There are few nutritional differences between the two options and the Scientific American reported in its article, “Mythbusting 101: Organic Farming > Conventional Agriculture” that organic pesticides might be even worse than conventional agriculture pesticides.
The verdict? Save yourself the expense and opt out of organic produce.
Almost-Expired Food Discounts
Did you know that many stores offer steep discounts on perishable items when they’re about to expire? Whether it’s prepackaged mushrooms, chicken with a “Sell By” date within 1-2 days, or any number of perishable items, the store would rather unload them at a discount instead of throwing it in the garbage and getting nothing out of it (not to mention contributing the massive food waste problem in the US).

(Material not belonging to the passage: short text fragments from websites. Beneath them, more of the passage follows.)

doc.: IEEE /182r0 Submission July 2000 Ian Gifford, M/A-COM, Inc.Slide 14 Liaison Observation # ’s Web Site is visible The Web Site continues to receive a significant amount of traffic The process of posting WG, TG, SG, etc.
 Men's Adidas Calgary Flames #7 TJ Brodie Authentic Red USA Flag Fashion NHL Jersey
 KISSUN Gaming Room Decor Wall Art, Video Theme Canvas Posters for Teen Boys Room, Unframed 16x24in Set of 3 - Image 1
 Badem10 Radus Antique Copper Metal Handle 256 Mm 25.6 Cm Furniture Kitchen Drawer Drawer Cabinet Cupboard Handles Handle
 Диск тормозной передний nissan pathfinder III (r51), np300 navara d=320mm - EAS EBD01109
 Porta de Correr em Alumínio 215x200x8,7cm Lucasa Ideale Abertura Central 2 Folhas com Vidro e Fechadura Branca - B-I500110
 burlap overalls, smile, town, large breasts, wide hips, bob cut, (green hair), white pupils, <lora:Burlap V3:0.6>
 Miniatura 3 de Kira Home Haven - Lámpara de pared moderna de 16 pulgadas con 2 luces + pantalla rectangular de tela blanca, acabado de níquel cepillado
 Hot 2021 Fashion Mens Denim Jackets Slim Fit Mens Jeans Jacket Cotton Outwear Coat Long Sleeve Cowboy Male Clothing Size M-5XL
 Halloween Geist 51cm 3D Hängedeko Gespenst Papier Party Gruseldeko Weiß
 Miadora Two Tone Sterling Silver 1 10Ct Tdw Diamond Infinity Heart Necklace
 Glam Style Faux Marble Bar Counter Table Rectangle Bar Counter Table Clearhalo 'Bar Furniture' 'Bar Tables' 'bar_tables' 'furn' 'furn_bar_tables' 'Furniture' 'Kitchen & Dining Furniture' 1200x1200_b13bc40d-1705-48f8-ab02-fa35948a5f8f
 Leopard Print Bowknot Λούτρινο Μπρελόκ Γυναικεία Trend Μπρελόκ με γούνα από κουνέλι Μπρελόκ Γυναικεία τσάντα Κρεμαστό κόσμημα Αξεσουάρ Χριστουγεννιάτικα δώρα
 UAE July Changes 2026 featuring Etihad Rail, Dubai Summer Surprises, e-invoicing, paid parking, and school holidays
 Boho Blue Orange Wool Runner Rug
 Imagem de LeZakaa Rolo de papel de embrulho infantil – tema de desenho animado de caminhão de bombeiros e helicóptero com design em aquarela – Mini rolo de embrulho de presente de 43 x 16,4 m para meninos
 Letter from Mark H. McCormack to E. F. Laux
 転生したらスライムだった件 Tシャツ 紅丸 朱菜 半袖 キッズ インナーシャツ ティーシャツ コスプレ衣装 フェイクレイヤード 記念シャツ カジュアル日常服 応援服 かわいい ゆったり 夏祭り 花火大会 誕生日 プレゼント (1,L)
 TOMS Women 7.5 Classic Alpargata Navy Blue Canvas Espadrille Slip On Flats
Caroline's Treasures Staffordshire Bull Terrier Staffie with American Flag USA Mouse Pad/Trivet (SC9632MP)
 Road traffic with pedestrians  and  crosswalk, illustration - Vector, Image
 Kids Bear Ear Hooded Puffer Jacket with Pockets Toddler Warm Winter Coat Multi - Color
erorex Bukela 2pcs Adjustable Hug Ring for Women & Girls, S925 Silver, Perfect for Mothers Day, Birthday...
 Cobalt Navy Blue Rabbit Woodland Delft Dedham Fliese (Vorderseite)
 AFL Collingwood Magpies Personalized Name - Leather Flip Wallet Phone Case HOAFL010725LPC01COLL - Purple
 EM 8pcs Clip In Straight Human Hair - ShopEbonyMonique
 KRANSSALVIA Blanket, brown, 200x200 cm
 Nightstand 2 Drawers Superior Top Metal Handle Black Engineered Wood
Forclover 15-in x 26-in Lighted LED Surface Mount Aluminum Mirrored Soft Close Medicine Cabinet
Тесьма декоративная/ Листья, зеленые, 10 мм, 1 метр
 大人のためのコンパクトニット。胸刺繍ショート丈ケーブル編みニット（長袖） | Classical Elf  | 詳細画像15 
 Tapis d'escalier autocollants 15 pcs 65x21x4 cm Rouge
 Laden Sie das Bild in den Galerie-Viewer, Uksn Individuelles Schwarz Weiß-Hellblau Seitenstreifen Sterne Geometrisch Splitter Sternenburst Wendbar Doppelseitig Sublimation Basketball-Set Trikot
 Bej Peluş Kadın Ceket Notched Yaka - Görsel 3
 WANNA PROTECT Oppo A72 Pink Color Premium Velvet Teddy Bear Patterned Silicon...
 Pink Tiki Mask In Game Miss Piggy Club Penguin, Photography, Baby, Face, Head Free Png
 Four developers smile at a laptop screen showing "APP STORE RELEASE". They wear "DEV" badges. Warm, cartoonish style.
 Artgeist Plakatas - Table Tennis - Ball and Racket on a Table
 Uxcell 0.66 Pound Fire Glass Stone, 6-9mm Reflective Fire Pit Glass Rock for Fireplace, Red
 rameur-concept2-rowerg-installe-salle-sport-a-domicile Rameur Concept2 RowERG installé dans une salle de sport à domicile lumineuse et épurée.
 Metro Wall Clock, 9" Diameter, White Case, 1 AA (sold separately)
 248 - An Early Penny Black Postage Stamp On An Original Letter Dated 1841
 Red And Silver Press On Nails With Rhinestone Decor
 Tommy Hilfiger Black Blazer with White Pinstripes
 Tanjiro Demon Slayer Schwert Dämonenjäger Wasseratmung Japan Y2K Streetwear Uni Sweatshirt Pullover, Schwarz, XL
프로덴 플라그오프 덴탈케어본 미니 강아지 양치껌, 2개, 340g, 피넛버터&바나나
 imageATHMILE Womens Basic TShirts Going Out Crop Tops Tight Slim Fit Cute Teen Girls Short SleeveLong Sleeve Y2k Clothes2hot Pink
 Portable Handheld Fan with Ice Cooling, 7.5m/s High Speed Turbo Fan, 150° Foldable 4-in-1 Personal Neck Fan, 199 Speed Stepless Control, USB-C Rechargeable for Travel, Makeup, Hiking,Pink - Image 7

Shop at Discount Grocery Markets
Grocery discount chains such as Aldi and Grocery Outlet are currently expanding in the US. These discount grocers offer all types of quality food items, which they get from producers with excess inventory and then pass along the savings from the manufacturers to their customers. They even have vegan options. Here, you can shave tens – if not hundreds – of dollars each month on your grocery bill without having to change your buying habits.
Discount markets often have special coupons and offers for customers who sign up for email lists and “like” their local grocery stores on Facebook. If you do not have any discount grocers near you, then be sure to sign up for major grocery stores’ rewards programs so you can get member-only discounts and in some cases, even discounts on gas.
Switch to Canned or Frozen Produce
Another option for reducing your grocery bill while still managing to eat your daily recommended servings of fruits and vegetables is to buy canned or frozen produce. NPR reported in 2014 that the BPA content in canned food isn’t dangerous, which means there are few downsides to buying canned fruit and vegetables as an alternative to buying expensive, fresh produce that has a quickly-approaching expiration date.
Frozen produce is also a viable option for someone with a cash-strapped grocery budget, and although people argue that it’s not as nutritious, it’s still preferable to forgoing fruits and vegetables altogether out of financial necessity.
As you can see, there are many different ways to save money on groceries beyond the obvious advice of “buy in bulk” and “buy generic instead of brand name foods.” If you’re on a tight food budget, every dollar saved really matters, especially when the potential to waste food (and subsequently, money) is there.
What about you? Do you have any unique ways that you save money on your food budget and grocery bill?